Exercise details: Write out only the opening lines of the entries, through the line with "A quoi on reconnaît".

Short web captions:
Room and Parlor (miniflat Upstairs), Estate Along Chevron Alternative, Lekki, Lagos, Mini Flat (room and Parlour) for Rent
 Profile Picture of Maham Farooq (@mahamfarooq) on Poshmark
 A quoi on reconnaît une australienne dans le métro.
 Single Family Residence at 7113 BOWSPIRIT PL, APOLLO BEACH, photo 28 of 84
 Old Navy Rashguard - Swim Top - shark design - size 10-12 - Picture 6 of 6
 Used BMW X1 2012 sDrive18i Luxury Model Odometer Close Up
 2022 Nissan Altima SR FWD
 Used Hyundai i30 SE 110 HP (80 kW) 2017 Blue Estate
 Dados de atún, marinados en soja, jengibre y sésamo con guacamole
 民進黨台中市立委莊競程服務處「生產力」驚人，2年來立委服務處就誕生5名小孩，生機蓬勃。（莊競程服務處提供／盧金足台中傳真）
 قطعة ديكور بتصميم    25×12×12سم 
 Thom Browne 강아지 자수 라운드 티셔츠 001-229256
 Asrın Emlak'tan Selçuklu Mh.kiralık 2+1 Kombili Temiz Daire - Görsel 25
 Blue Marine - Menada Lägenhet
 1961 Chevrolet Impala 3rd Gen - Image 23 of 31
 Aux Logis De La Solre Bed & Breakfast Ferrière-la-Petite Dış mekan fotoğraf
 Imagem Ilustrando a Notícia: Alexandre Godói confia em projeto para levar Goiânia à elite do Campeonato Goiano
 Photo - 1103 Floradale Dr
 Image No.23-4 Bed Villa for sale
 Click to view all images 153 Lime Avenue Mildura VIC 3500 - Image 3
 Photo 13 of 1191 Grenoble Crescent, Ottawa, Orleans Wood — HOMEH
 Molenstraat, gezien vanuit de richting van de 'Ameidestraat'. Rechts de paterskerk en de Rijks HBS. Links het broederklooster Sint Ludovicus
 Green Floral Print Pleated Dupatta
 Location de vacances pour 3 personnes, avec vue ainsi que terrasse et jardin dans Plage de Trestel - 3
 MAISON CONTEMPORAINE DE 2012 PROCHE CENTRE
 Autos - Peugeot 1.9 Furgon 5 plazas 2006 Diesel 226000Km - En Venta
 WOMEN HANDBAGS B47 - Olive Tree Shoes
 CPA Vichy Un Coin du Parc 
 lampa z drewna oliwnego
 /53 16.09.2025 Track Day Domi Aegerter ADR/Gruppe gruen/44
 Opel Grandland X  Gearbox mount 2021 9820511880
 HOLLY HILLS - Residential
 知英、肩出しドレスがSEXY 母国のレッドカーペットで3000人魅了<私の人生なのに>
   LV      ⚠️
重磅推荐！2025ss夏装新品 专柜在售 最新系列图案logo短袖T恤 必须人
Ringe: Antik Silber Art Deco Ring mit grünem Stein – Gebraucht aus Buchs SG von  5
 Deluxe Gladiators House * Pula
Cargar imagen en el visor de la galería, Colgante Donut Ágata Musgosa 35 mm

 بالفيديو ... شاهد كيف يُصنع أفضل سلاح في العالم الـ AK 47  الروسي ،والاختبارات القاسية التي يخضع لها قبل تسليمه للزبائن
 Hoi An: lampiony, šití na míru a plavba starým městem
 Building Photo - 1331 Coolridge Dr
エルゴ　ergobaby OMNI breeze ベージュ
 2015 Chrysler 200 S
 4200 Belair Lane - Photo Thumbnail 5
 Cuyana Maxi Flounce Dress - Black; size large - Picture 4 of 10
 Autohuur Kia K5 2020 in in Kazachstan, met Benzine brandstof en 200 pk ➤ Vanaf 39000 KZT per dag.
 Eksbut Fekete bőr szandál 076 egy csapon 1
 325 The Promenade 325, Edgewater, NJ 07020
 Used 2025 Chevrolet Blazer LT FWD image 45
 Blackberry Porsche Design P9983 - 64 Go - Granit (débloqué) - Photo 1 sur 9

Answer box:
Room and Parlor (miniflat Upstairs), Estate Along Chevron Alternative, Lekki, Lagos, Mini Flat (room and Parlour) for Rent
 Profile Picture of Maham Farooq (@mahamfarooq) on Poshmark
 A quoi on reconnaît une australienne dans le métro.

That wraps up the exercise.